Cirpian thanked the lady and made his goodbye with a half wave half salute. He walked around the block to look at the bins, a walled concrete enclosure filled with huge metal dumpsters. These bins served four blocks. The girl didn’t live in McGovern’s block.

He knew she was pretty and slim, in her late teens, had very dark shiny hair, always wore a white puffer jacket and was often seen with the Englishman.

Ciprian went into the first of the possible blocks to speak with the superintendents. The blocks were managed by groups of old men who took care of the bills and maintenance issues. They were always old men, always retirees, and more often than not knew everybody in their building.

“It could be the Popescu girl.” the superintendent said.

“Popescu?” Ciprian replied.

“White jacket, one of those puffy ones the kids wear. She’s about seventeen or eighteen and has long black hair.”

Ciprian checked the mailboxes in the lobby. Family Popescu, apartment fourteen.

He composed himself as he rang the doorbell and was greeted by a grey haired old lady and the smell of fresh baking.

“Buna,” he said. “I’m looking for a young lady who I believe lives here.
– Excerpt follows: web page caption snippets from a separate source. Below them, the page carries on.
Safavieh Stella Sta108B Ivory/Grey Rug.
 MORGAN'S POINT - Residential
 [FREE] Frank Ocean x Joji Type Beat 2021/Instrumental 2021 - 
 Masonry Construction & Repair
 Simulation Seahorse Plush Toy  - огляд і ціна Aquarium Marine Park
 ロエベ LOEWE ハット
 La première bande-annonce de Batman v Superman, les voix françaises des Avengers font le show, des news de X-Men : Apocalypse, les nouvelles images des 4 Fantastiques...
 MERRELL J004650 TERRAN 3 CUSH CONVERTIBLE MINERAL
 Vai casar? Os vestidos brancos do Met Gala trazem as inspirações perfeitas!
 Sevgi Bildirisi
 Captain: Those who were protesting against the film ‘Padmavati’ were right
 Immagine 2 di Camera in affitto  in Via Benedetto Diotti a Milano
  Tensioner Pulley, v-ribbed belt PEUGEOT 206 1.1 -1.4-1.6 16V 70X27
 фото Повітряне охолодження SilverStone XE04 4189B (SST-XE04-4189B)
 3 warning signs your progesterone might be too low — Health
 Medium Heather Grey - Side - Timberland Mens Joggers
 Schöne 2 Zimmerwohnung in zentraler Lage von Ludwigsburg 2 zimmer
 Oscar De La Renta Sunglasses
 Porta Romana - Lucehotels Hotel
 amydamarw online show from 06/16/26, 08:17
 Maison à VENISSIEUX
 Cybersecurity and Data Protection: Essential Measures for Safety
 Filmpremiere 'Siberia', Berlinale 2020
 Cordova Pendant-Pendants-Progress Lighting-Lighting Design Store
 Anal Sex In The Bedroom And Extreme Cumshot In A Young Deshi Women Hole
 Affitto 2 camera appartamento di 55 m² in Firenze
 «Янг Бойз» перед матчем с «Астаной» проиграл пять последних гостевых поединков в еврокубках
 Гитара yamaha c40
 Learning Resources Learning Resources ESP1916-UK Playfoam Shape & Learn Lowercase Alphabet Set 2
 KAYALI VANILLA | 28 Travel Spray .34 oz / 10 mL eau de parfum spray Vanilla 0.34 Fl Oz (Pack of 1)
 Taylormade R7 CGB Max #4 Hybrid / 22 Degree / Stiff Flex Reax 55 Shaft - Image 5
Miss Popescu?”

“Ildico?” the woman asked. “Do you want my daughter?”

“I believe so, is she here?”

The woman called out loudly, “Ildico!”

There were sounds of movement and footsteps. The old lady stepped away as a young girl came into the hallway. The moment Ciprian laid eyes on her he knew she was the one. Everything he had been told was embodied in the person before him.

“Hello... You are Ildico, yes?” Ciprian said.

“I am Ildico.” She looked nervous.

“Ildico, do you know a man called Paul McGovern?”

The look of pain and defeat that spread across Ildico Popescu’s face spoke volumes. Ciprian smiled. He’d hit the jackpot.

----- X -----

Ildico was led into the interview room looking like a frightened little bird, her skin was ashen, her eyes were wide; Noica could imagine her heart pounding with worry. Noica took a notepad and settled down beside Lupescu who had also decided to attend. They would sit behind her and stay silent. Noica felt that Lupescu was now bored by the proceedings, he was slow and sleepy and his mind seemed to be elsewhere. There wasn’t a lot for the police here to do other than take statements and scour the forest for physical evidence. The fundamentals of the story were understood. Paul McGovern killed two men and left the country. There were no other suspects to the crime and the police no longer had any impetus to rush. The killer wasn’t on the loose, he had escaped and they knew it.

They began with photographs.

Nealla dusted in snow with his eyes open and his intestines spread out, Raul frozen solid with his throat cut. There was no way to see Ildico Popescu’s emotions from behind but when she laid a photograph down he could see her hand trembling.